In this case, the shovel 100 may scoop the remaining excavated
earth into the bucket 6 and automatically move the earth to its
original location of placement by traveling on the lower traveling
structure 1 or swinging the upper swing structure 3. Furthermore,
in response to determining that the ground shape with the flattened
ground does not reach the height of the intended shape (intended
work surface), the shovel 100 may automatically (autonomously)
perform the work of adding earth to the bank. In this case, for
example, the shovel 100 automatically performs the work of scooping
earth into the bucket 6 from its original location of placement and
dumping (adding) the earth onto the work area by traveling on the
lower traveling structure 1 or swinging the upper swing structure
3.
[0123] Thus, according to this example, the shovel 100 can
automatically perform the work of banking earth at a dumping
location (one location) within the work area according to the
amount of elevation of the ground, among a series of operations of
banking work. Furthermore, according to this example, the shovel
100 can also automatically perform the work of flattening earth
according to the intended shape (intended work surface) of the
ground, specifically such that the ground has a certain height
defined by the intended work surface, among a series of operations
of banking work.
<Sixth Example of Shovel>
[0124] Next, a sixth example of the automatic operation of the
shovel 100 is described.
[0125] According to this example, the shovel 100 automatically
performs banking work in a relatively wide work area under the
control of the controller 30 and the processing unit 30E.

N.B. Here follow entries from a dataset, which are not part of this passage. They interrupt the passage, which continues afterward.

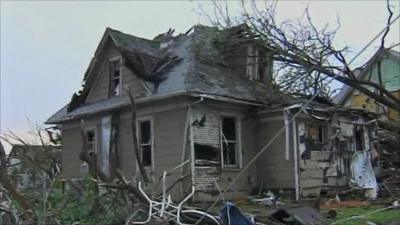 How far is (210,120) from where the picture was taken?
1480cm

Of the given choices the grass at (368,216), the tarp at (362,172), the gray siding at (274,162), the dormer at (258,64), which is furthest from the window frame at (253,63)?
the grass at (368,216)

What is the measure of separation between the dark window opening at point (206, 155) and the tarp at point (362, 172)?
4.62 meters

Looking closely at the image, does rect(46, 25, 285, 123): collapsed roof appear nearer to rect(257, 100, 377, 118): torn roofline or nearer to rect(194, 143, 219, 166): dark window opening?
rect(257, 100, 377, 118): torn roofline

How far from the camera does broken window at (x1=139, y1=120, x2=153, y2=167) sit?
50.8ft

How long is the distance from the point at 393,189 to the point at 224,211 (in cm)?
1022

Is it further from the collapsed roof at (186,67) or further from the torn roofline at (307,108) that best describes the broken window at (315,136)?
the collapsed roof at (186,67)

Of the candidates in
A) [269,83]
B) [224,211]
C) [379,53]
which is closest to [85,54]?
[269,83]

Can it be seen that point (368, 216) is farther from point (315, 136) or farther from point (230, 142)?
point (315, 136)

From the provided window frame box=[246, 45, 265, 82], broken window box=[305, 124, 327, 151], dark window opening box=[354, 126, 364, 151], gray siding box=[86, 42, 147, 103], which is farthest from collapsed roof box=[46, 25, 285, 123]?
dark window opening box=[354, 126, 364, 151]

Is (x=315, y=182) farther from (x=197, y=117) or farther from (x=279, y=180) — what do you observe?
(x=197, y=117)

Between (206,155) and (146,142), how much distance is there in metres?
1.99

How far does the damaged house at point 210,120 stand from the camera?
14586mm

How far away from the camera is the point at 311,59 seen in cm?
1534

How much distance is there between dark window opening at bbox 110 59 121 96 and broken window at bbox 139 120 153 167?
175 cm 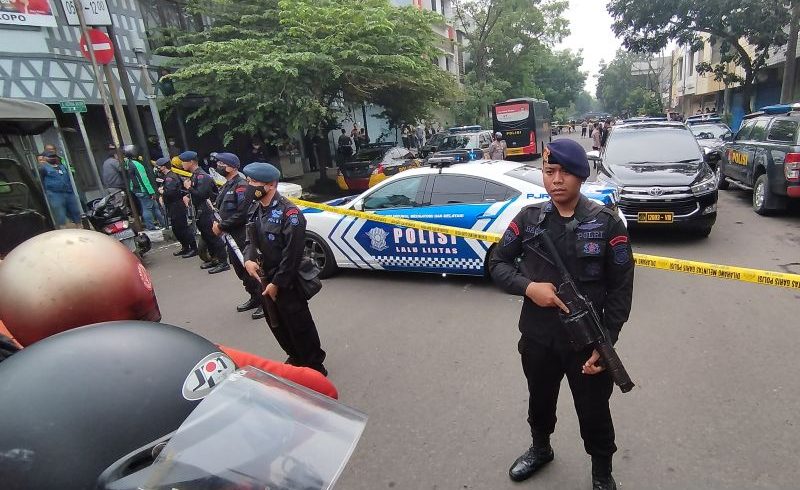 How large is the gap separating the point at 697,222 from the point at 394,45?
8.50 m

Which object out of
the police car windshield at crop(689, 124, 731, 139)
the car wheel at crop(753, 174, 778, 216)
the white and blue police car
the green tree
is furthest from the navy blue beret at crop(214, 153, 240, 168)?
the green tree

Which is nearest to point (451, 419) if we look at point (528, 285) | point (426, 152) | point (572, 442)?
point (572, 442)

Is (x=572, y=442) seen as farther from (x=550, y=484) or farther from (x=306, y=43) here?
(x=306, y=43)

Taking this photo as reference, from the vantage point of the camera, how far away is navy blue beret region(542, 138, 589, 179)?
1975 millimetres

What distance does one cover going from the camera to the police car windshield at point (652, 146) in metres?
7.12

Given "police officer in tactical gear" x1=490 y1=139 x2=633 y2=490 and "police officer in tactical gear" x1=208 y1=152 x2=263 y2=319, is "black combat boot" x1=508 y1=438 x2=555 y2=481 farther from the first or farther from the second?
"police officer in tactical gear" x1=208 y1=152 x2=263 y2=319

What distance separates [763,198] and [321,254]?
23.1 feet

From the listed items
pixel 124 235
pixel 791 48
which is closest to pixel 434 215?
pixel 124 235

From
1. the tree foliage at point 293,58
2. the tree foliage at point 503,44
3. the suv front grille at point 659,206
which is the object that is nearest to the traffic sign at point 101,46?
the tree foliage at point 293,58

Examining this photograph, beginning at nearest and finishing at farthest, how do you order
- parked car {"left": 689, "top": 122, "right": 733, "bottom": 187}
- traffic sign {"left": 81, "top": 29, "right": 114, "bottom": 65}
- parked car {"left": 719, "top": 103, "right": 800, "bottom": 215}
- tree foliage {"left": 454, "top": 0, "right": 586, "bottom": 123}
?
parked car {"left": 719, "top": 103, "right": 800, "bottom": 215}, traffic sign {"left": 81, "top": 29, "right": 114, "bottom": 65}, parked car {"left": 689, "top": 122, "right": 733, "bottom": 187}, tree foliage {"left": 454, "top": 0, "right": 586, "bottom": 123}

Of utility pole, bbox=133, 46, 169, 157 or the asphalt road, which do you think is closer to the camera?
the asphalt road

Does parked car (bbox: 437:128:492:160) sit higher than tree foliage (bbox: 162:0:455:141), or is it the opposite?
tree foliage (bbox: 162:0:455:141)

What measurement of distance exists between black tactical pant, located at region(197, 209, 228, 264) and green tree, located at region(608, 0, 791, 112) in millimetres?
19634

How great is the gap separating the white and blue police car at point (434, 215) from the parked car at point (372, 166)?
647 cm
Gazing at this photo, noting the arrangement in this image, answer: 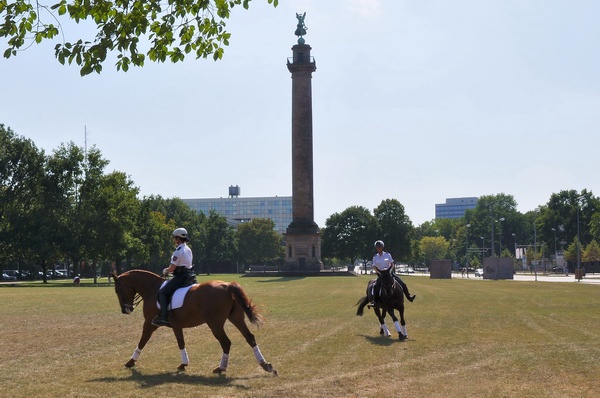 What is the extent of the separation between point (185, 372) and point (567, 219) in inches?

[0126] First, the shovel 100 automatically performs the work of
forming a bank of earth by dumping earth scooped into the bucket 6
onto a dumping location of a subarea with respect to each of
subareas set in the work area. Specifically, the shovel 100
delivers earth according to the amount of elevation of the ground
to all the subareas by performing the work of completing the work
of banking earth in one subarea and thereafter banking earth in the
next adjacent subarea. For example, the shovel 100 may perform the
work of banking earth subarea by subarea in the same order as in
the travel route RT of the above-described third example (FIG.
5).
[0127] Next, the shovel 100 automatically (autonomously) performs
the work of leveling the bank of earth formed at the dumping
location according to the amount of elevation of the ground while
obtaining the ground shape data using the space recognition device
70 and recognizing the difference between the actual ground shape
and an intended shape (intended work surface) with respect to each
subarea. Specifically, the shovel 100 flattens the ground while
stamping the earth with the crawlers 1C or pressing the back
surface of the bucket 6 against the earth the same as in the
above-described case of the fifth example.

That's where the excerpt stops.